In the present study, we investigated the subcooled flow boiling in the subchannel under rolling motion following the trigonometric function. The tendency of physical parameters, including the transverse flow, volume fraction, and vapor adhesion ratio, was explored along the flow direction. The phase distribution in the two-phase flow domain is presented in this paper. The effects and mechanisms of the rolling motion parameters on the two-phase flow in the subchannel are analyzed. The main conclusions are as follows.

(1) The transverse flow under rolling motion is a composition of the boiling-induced and motion-induced transverse flow. The transverse flow induced by rolling motion fundamentally results from the Euler force in the non-inertial reference frame. The transverse flow in the center of the cross-section increases with the amplitude of the rolling motion and decreases with the period. The transverse flow in the other position of the cross-section depends on the rolling motion parameters and the position of the subchannel.

(2) The location of the OSV point and the vapor volume fraction in the two-phase flow domain varies with time because of the variation in the transverse flow. When the subchannel is around the equilibrium position, the volume fraction reaches the maximum, which increases with the amplitude of the rolling motion and decreases with the period.

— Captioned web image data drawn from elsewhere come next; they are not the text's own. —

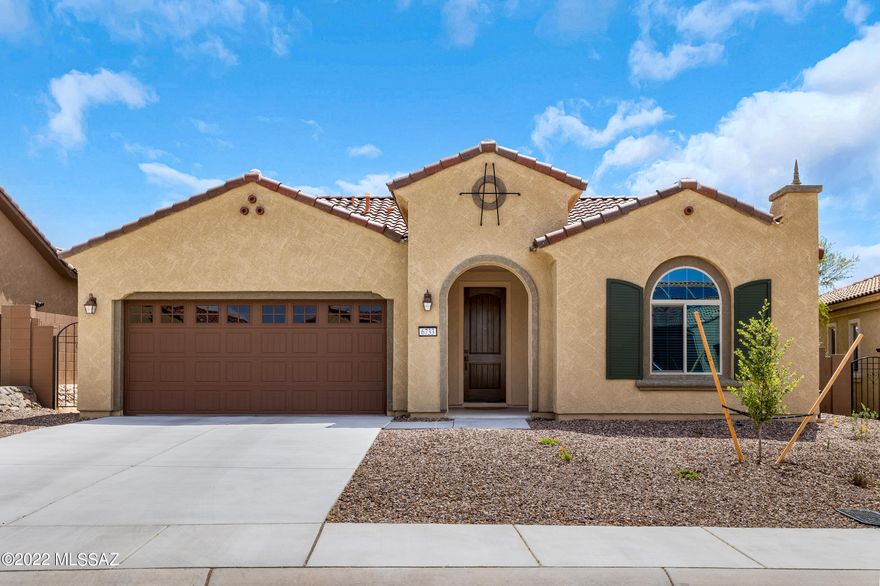 Del Webb Dove Mountain, an active adult community with social activities, and world class resort style amenities. Built in 2021, this beautiful Preserve model is 2 bedrooms, 2 baths plus den/office. Chef's kitchen with gas cooktop, granite counters, stainless appliances, great room floorplan, and dining area. Upgrades include 8 ft doors, second bath with shower, primary suite bay window with French door to patio, 2.5 car garage with golf cart parking, pre-plumbed for soft water loop and laundry sink. Enjoy the evenings on your patio with an outdoor fireplace. All appliances and washer, dryer convey. Why wait to build, this house is move in ready!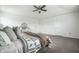Large main bedroom with tray ceiling and neutral decor at 647 Albermarle Dr, Pittsboro, IN 46167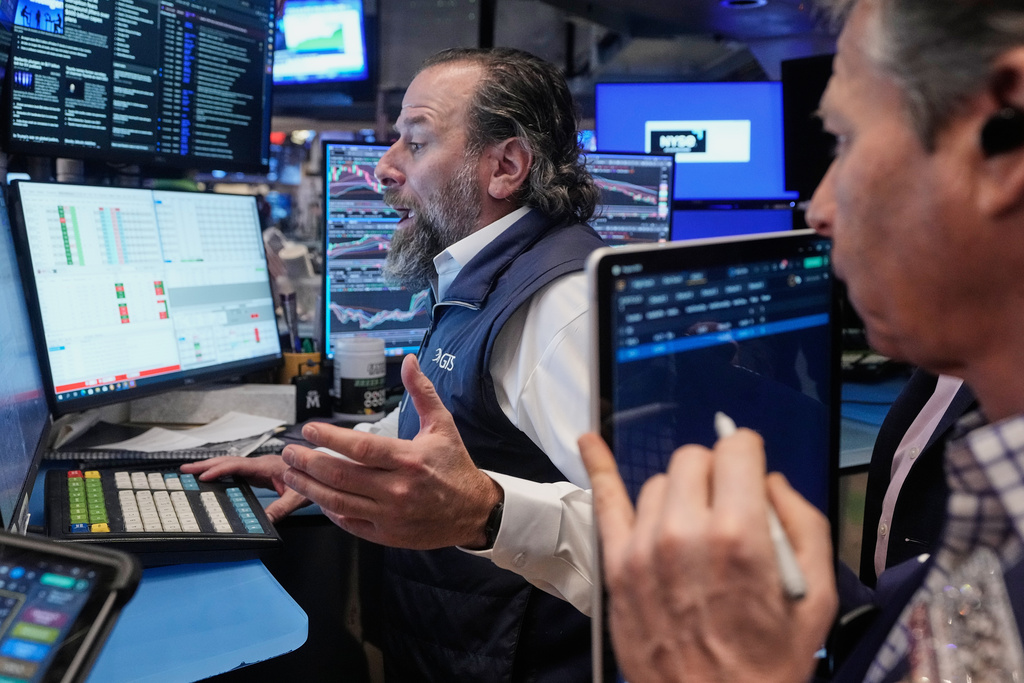 Specialist Michael Pistillo, left, and trader Robert Charmak work on the floor of the New York Stock Exchange, Friday, Feb. 6, 2026. (AP Photo/Richard Drew)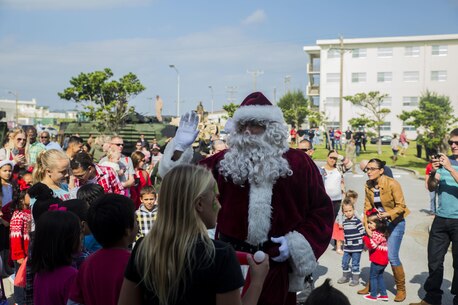 Santa Claus arrives for the event, Santa’s Little Helper, on Camp Hansen, Okinawa, Japan, Dec. 12, 2015. The event also had Santa fast rope out of a helicopter, fake snow, a bouncy castle, face painting and food served. The event was hosted by Combat Assault Battalion, 3rd Marine Division, III Marine Expeditionary Force and Marine Corps Community Services. (U.S. Marine Corps photo by Cpl. Tyler S. Giguere/Released)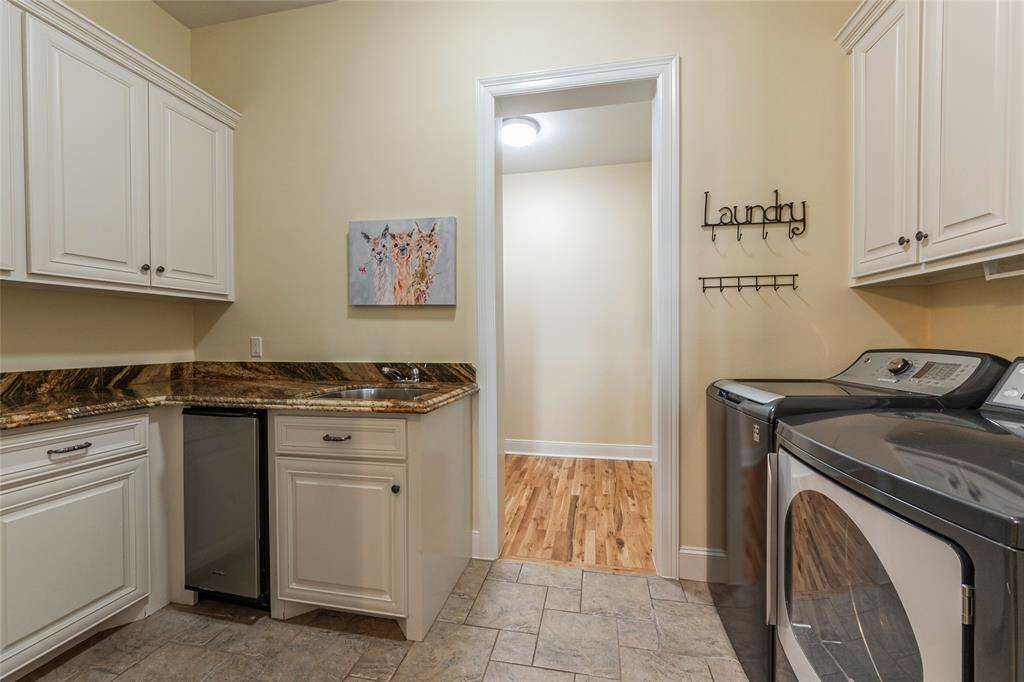 laundry room with more storage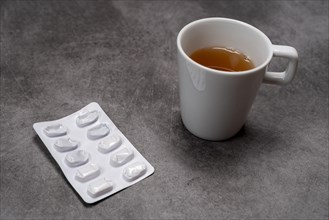 A blister pack with pills next to a cup of tea on a grey background, top view, studio shot,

When the subchannel is about the extreme position, the volume fraction reaches the minimum, which is insensitive to the rolling motion parameters.

(3) In the present study, the vapor adhesion ratio upstream of CS-1.20 m is only related to the volume fraction, while the downstream is affected by both the volume fraction and the transverse flow. For the flow domain downstream of CS-1.20 m, the vapor adhesion ratio in the downstream reaches the minimum when the subchannel is around the equilibrium position. This minimum decreases with the amplitude of the rolling motion and increases with the period. The vapor adhesion ratio in the downstream reaches the maximum when the subchannel is about the extreme position. The maximum is insensitive to the rolling motion parameters.

(4) When the rolling motion parameters change, the phase distribution is similar at the same time under rolling motion. In the present study, bubbles slide to the boundary of the heated and unheated surface. The bubble thickness at this boundary increases with the amplitude of the rolling motion and decreases with the period.